I've code for Proxy IP Rotation and user agent spoofing in order to use in scraping. But because of code was provided as an example, I don't know if it really works when I add it to my code.
I am a beginner in Python. I just add it to my .py file (after the codes that is for scraping). When I add it and start scraping it works and gets all the data but I don't know if it is working or not.
Proxy Rotation:
from lxml.html import fromstring
import requests
from itertools import cycle
import traceback
proxies = ['121.129.127.209:80', '124.41.215.238:45169', '185.93.3.123:8080', '194.182.64.67:3128', '106.0.38.174:8080', '163.172.175.210:3128', '13.92.196.150:8080']
proxies = get_proxies()
proxy_pool = cycle(proxies)
url = 'https://httpbin.org/ip'
for i in range(1,11):
proxy = next(proxy_pool)
print("Request #%d"%i)
try:
response = requests.get(url,proxies={"http": proxy, "https": proxy})
print(response.json())
except:
print("Skipping. Connnection error")
User Agent Spoofing:
import requests
import random
user_agent_list = [
#Chrome
'Mozilla/5.0 (Windows NT 6.3; Win64; x64) AppleWebKit/537.36 (KHTML, like Gecko) Chrome/60.0.3112.113 Safari/537.36',
'Mozilla/5.0 (Windows NT 10.0; Win64; x64) AppleWebKit/537.36 (KHTML, like Gecko) Chrome/57.0.2987.133 Safari/537.36',
'Mozilla/5.0 (Windows NT 6.1; Win64; x64) AppleWebKit/537.36 (KHTML, like Gecko) Chrome/57.0.2987.133 Safari/537.36',
'Mozilla/5.0 (Windows NT 10.0; Win64; x64) AppleWebKit/537.36 (KHTML, like Gecko) Chrome/55.0.2883.87 Safari/537.36',
'Mozilla/5.0 (Windows NT 6.1; Win64; x64) AppleWebKit/537.36 (KHTML, like Gecko) Chrome/55.0.2883.87 Safari/537.36',
#Firefox
'Mozilla/5.0 (compatible; MSIE 10.0; Windows NT 6.1; WOW64; Trident/6.0)',
'Mozilla/5.0 (compatible; MSIE 10.0; Windows NT 6.1; Trident/6.0)',
'Mozilla/4.0 (compatible; MSIE 8.0; Windows NT 5.1; Trident/4.0; .NET CLR 2.0.50727; .NET CLR 3.0.4506.2152; .NET CLR 3.5.30729)'
]
url = 'https://httpbin.org/user-agent'
#Lets make 5 requests and see what user agents are used
#Using Requests
for i in range(1,6):
#Pick a random user agent
user_agent = random.choice(user_agent_list)
#Set the headers
headers = {'User-Agent': user_agent}
#Make the request
response = requests.get(url,headers=headers)

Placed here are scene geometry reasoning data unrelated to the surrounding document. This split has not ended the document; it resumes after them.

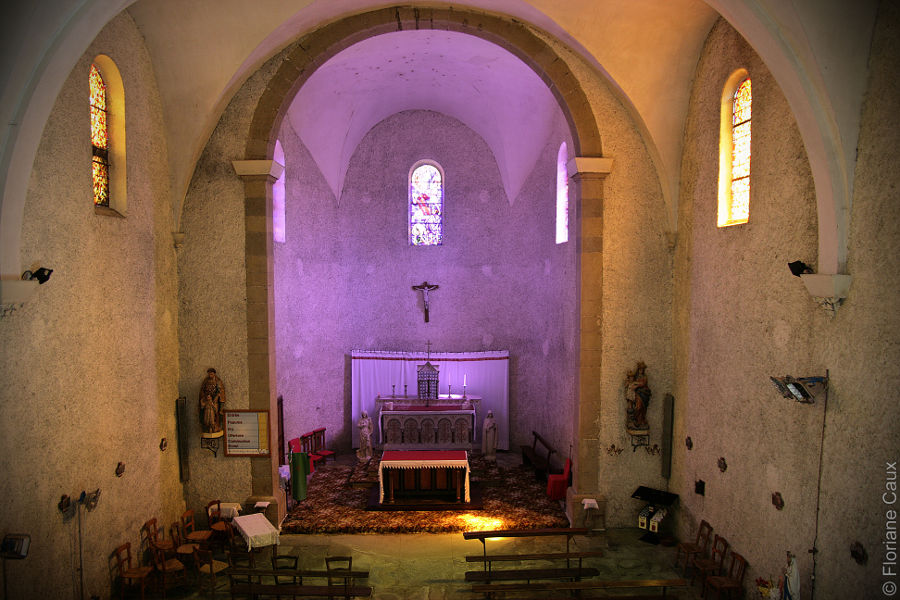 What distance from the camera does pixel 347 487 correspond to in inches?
535

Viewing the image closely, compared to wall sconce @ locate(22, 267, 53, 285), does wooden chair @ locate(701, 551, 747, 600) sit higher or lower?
lower

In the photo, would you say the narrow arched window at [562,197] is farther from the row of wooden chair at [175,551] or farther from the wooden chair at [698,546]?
the row of wooden chair at [175,551]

print("Request #%d\nUser-Agent Sent:%s\nUser Agent Recevied by HTTPBin:"%(i,user_agent))
print(response.content)
print("-------------------\n\n")
If you wanted to check if your proxy and user agent are rotating, you need to go to a request bin website, activate an endpoint and use that endpoint within your python code in place of what was previously requested.
You would then examine the request bin and read what is stated for user-agent and Ip address for the Get requests now listed after executing your python code.